Provide Performance Metrics within Durable Objects

tl;dr: Implement the option to request average CPU and memory utilization over the last few seconds to minutes in Durable Objects.

Workers are a flexible product. Yet they come with their own set of limitations.
In particular due security reasons timings and the like are more or less unavailable.

These limitations are both reasonable and understandable.

Yet for Durable Objects (DO), they provide a whole different set of challenges.

DO are persistent, and in many ways behave much more like actors.

Sadly, as great as the workers runtime is, it’s not BEAM. And the single source of truth runtime model doesn’t mesh well with auto-scaling like regular workers, either.

And that’s also where the issue comes from… DO are single threaded, and when they the saturate, they saturate hard, as there currently is no reliable method to react to getting close to CPU and/or memory limits.
Proven strategies for these situations would be applying backpressure, signalling saturation early (429/503), shedding load, … But right now the best one could hope for is trying to read timeouts correctly at the call site, and the situation is even more complicated for managed websockets.

To illustrate this by a practical example, let’s suppose we provide a chatroom for small and large audiences as part of a larger livestreaming solution. Even with this rather specific set up requirements, we may not know when a given DO saturates.

  • For a conference style situation, even 5000 participants could easily be handled.
  • Yet creators could create cases where even a 1000 participants would be too much, if the chat reaches Twitch levels of… engagement.

Now if we knew early enough that we are about to saturate, we could employ a number of different dynamic solutions, that slightly degrade the experience, yet keep the system as a whole stable.

  • Rate limit user messages
  • Used slightly delayed bulk message delivery
  • Etc etc…

To enable this, I propose that in DO you can request the average CPU and memory utilization for a given period of time (about seconds to minutes).

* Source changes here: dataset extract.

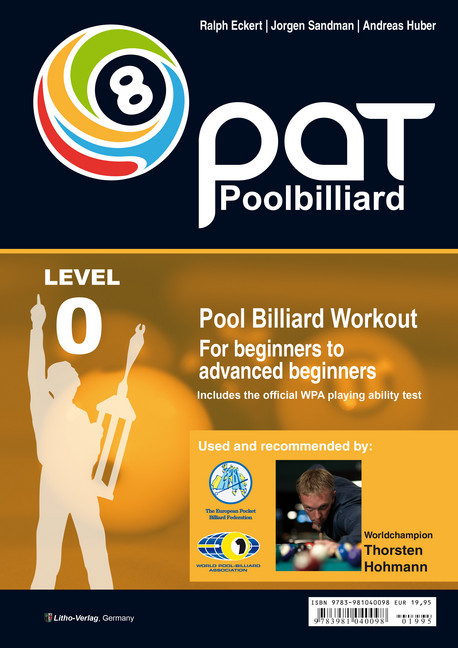 Pool Billiard Workout PAT Start main product photo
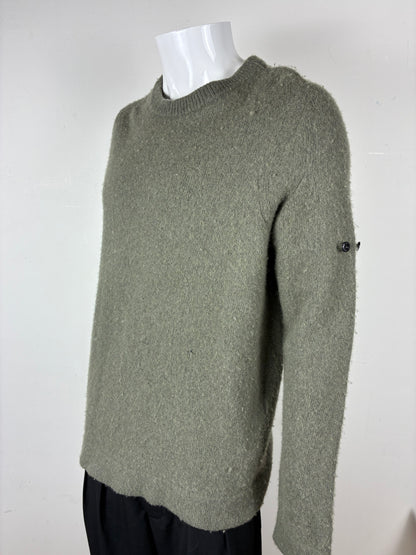 VIP Stone Island Wollen Trui (XL)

By using only averages over long enough time frames, at least by CPU standards, even Spectre should not pose an issue here.
Access to those metrics could be by either by simple and direct function calls, or by configuring callbacks in wrangler.toml, or any other reasonable way.

Furthermore such metrics would also provide a solution for a few adjacent issues.

  • Allow better optimization of DO and the system at large by smartly logging those metrics.
  • Delaying compute intensive tasks to opportune times, similar to what requestIdleCallback() would to in a browser.